Storme DeLarverie, a singer, cross-dresser and bouncer who may or may not have thrown the first punch at the 1969 uprising at the Stonewall Inn in Greenwich Village, but who was indisputably one of the first and most assertive members of the modern gay rights movement, died on Saturday in Brooklyn. She was 93.
Once you find out that she is part black as well as a lesbian, it's a foregone conclusion that DeLarverie could do no wrong in the Times' eyes.
Tall, androgynous and armed — she held a state gun permit — Ms. DeLarverie roamed lower Seventh and Eighth Avenues and points between into her 80s, patrolling the sidewalks and checking in at lesbian bars. She was on the lookout for what she called “ugliness”: any form of intolerance, bullying or abuse of her “baby girls.”
“She literally walked the streets of downtown Manhattan like a gay superhero,” Ms.
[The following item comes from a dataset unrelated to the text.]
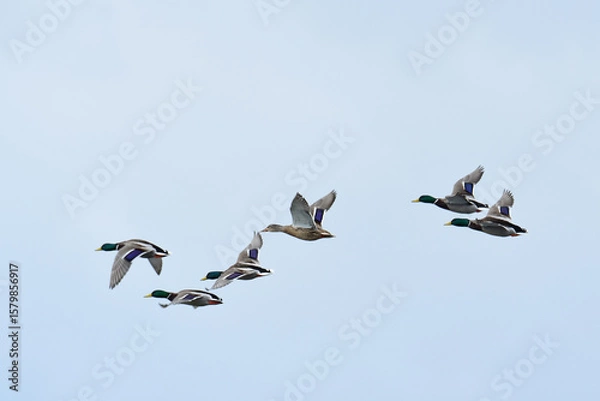 Obraz 低く飛ぶ冬のマガモ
Cannistraci said. “She was not to be messed with by any stretch of the imagination.”
Does this mean that the NY Times -- which has taken a strictly anti-gun, anti-NRA stance as long as anyone can remember -- has changed its mind and now favors armed vigilante-ism?
Would they write as affectionate an obituary for, say, an armed white man who patrolled the Upper East Side protecting his neighbors against muggers?